Cela commence par les 130 m2 de panneaux solaires (2) spécialement étudiés par le CEA–Leti avec des cellules bifaces à hétérojonction dont le rendement approche de 22% (3). L’ensemble des cellules couvre le pont, elles sont revêtues d’une couche antidérapante et donnent une puissance crête de 21 kW. L’électricité solaire générée est stockée dans des packs de batteries ion-lithium spéciaux, apportant une réserve d’énergie de 106 kWh (4). La propulsion se fait par deux hélices mues par deux moteurs électriques à fort rendement de puissance de 41 kW chacun et tournant à 3000 tours/minute capable de faire avancer ce navire en composite (5) à une vitesse comprise entre 10 et 15 nœuds. L’astuce de ces moteurs c’est qu’ils sont réversibles en hydrogénérateurs et lorsque le bateau court sur son erre, porté par le vent ou un courant, les hélices engendrent un courant et une puissance de 2x2,5 kW qui peut recharger les batteries. Il y a aussi une autre source d’énergie : sur le pont une trappe s’ouvre sur un cerf-volant automatisé qui sous le vent tire le bateau en augmentant sa vitesse et en réduisant les dépenses d’énergie. S’y ajoute une pile à hydrogène, aussi source d’énergie. En effet ce navire labo dispose d’un électrolyseur (6) qui dissocie l’eau en oxygène et hydrogène. Ce dernier est récupéré sous une pression de 30 bars puis compressé à 150 bars et stocké dans 8 réservoirs pour donner une réserve de 62 kg d’H2. On sait que l’hydrogène est un vecteur d’énergie (7) à travers la pile à combustible qui produit de l’électricité à partir de la recombinaison H2 + O = H2O (8). Pour compléter les sources, deux petites éoliennes à axe vertical peuvent fournir un appoint de 2 kW. On comprend dès lors qu’avec toutes ces technologies d’avant-garde ce « Solar Impulse des mers » (9) aura une autonomie énergétique complète. S’y ajoutent un désalinisateur d’eau de mer qui fonctionne en osmose inverse (10) et dans le dôme de navigation une électronique embarquée (11) et un super logiciel informatique connecté, optimisant la navigation, prenant en compte non seulement l’état de la mer et du vent mais aussi la nébulosité et la gestion de l’énergie.

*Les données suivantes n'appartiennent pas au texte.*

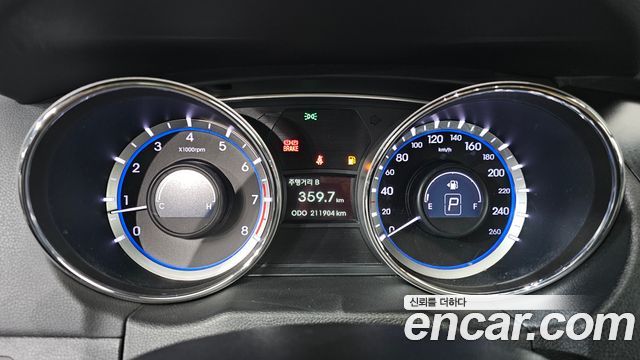 Hyundai Sonata 2014 — photo 11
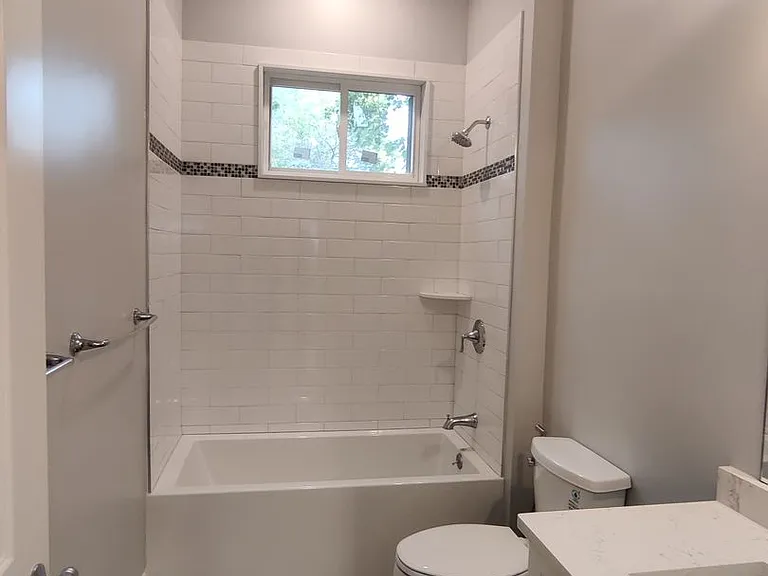135 Franklin St #1 — Photo 13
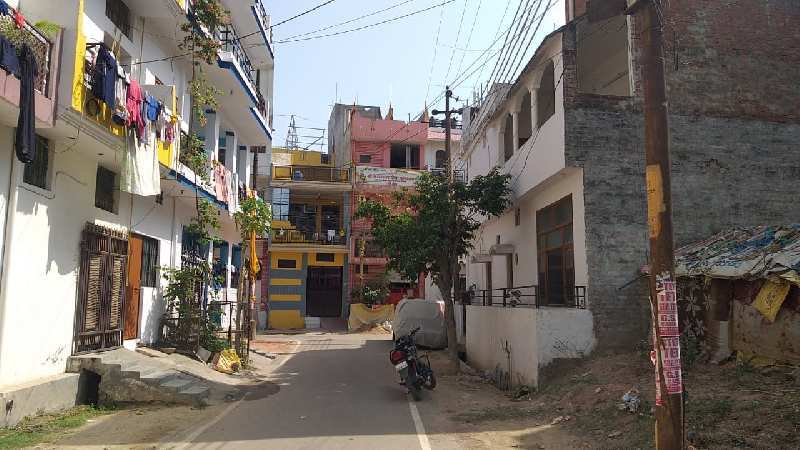 residential plot vineet khand 1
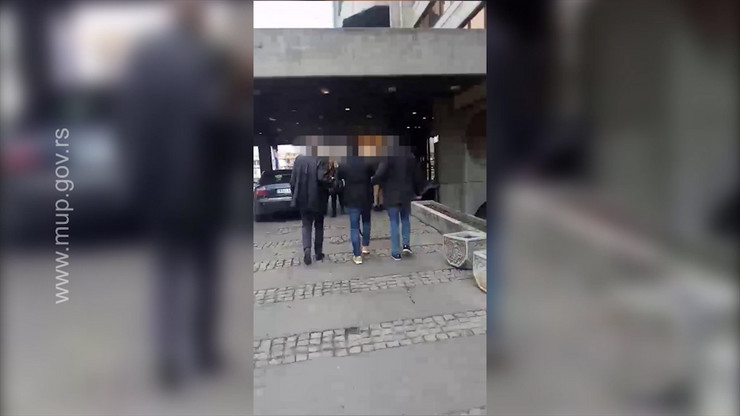 Bilinccsel a kezén vitték el a Vinča igazgatónőjének férjét (VIDEÓ)
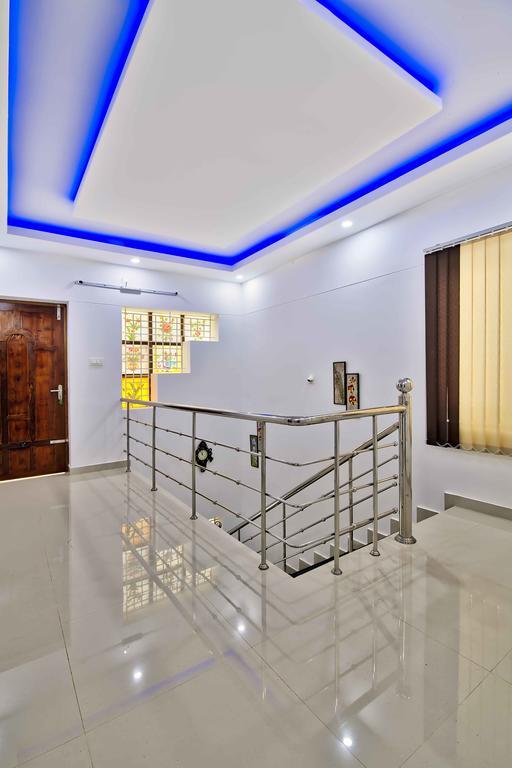 Rams Guest House Near Lulu Mall トリバンドラム エクステリア 写真
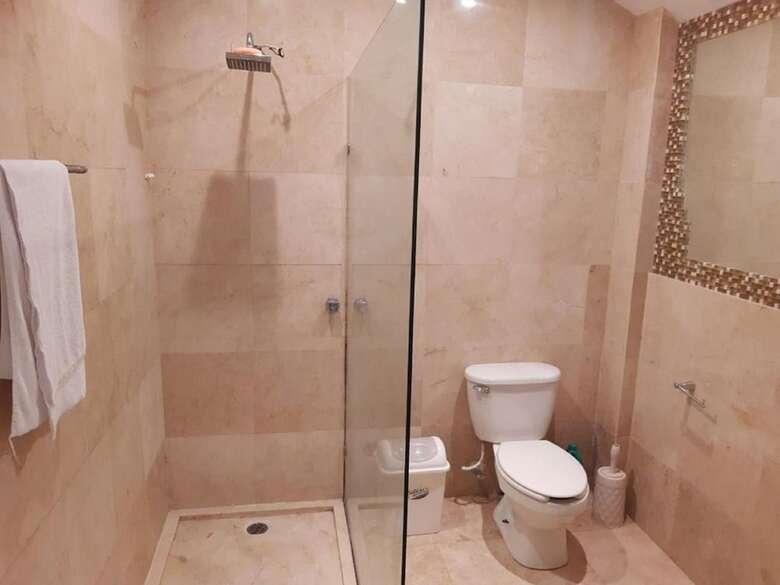 Hotel Suites Aeropuerto 24/7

L’Energy Observer fait route vers la Méditerranée et doit être début décembre en escale à Marseille. Les élèves du Lycée Galilée de Gennevilliers suivent attentivement cette odyssée, ils sont en ce moment à la Cité des sciences et de l’industrie pour se relayer devant une maquette et un démonstrateur d’électrolyse produisant de l’hydrogène et ainsi expliquer les technologies du bateau aux plus jeunes. Ils seront également en décembre à l'escale de Marseille.
Bon vent à cette nouvelle « calypso des mers » ! (12)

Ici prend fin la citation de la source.